The Boy Who Grew Dragons

By Andy Shepherd. Illustrated by Sara Ogilvie. Published by Bonnier Books.

A charming story about a young boy who picks a strange fruit in his grandad’s garden and is surprised when it hatches into a baby dragon. Funny and heartwarming it’s a perfect choice for a read aloud in year 3. Confident readers will enjoy reading the story themselves. The text is well-supported by Sara Ogilvie’s characterful illustrations.

The Lost Happy Endings

By Carol Ann Duffy. Illustrated by Jane Ray. Published by Bloomsbury.

What would happen if we lost the happy endings to stories? A wonderful story about the power of stories with poetic text by Carol Ann Duffy and emotional illustration by Jane Ray, with magical contrasts of light and dark. It is a picture book that  children can read independently, but it’s a story that will be enriched by sharing and talking with the class or a group.

The Adventures of the Dish and the Spoon

By Mini Grey. Illustrated by Mini Grey. Published by Penguin Random House.

Children will be very familiar with the nursery rhyme ‘Hey Diddle Diddle’, but in this story, set in the 1920s,  the dish and the spoon end up travelling to New York. We follow their rising and falling fortunes before the redemptive feel-good ending.  A classic picture book take on Bonnie and Clyde, and although younger readers won’t get all the references to silent movies, there is plenty to explore in the text and images.
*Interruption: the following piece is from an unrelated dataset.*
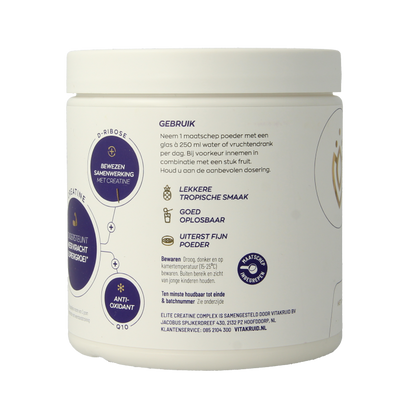 Vitakruid Elite Creatine Complex D-Ribose, Q10 & Magn Tropic 315 Gram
A delight for children to share in small groups and with the class. This book is one of our choices for our Take One Book resource.

The Abominables

By Eva Ibbotson. Illustrated by Sharon Rentta. Published by Scholastic.

How do you smuggle a family of yetis from Tibet to England? When Agatha Farlingham is kidnapped by a yeti on a mountain in Tibet, she soon discovers that the hairy monster is clever and noble. His children are in danger from the modern world, and he needs her help. Children will enjoy this compelling adventure with its ecological themes. The darker themes that relate to Ibbotson’s own family experience in World War II are there for older readers. A magical warm-hearted class read-aloud.

Emil and the Detectives

By Erich Kastner. Published by Penguin Random House.

The classic prototype story of a child detective. Emil and his group of newfound friends plot to outwit a thief who has stolen Emil’s money.  Humourous adventure in which good prevails and the hero, Emil gets a handsome reward. A good choice to read aloud to a class.


The Iron Man

By Ted Hughes. Illustrated by Chris Mould. Published by Faber.

Like all fables, The Iron Man is a story that can be read and enjoyed by a wide age range, and it will carry different meanings according to age and experience. Readers in year 3 will enjoy this story which deals with the important theme of how we respond to people/things we don’t understand. The illustrated version by Chris Mould adds appeal for today’s children.


By Jeannie Baker. Illustrated by Jeannie Baker. Published by Walker Books.

This wordless book by Jeannie Baker is about the regeneration of a neighbourhood through growing and gardening. All ages can appreciate it but it sits well here in year 3. Children will enjoy looking at this book in pairs and small groups. The wordless genre allows all children to participate and offers opportunities for rich language development, irrespective of reading attainment.

The Lion and the Unicorn

By Shirley Hughes. Illustrated by Shirley Hughes. Published by Penguin Random House.

When Lenny’s father goes to fight in the Second World War, he gives his son a brass badge with two animals engraved on it: a lion for bravery and a unicorn for courage. Then, Lenny must go away, as he is evacuated from his home and family to escape the bombing. This longer picture book introduces children to the history of the Second World War in an approachable format and through the eyes of a child of similar age. Told with compassion and stunningly illustrated.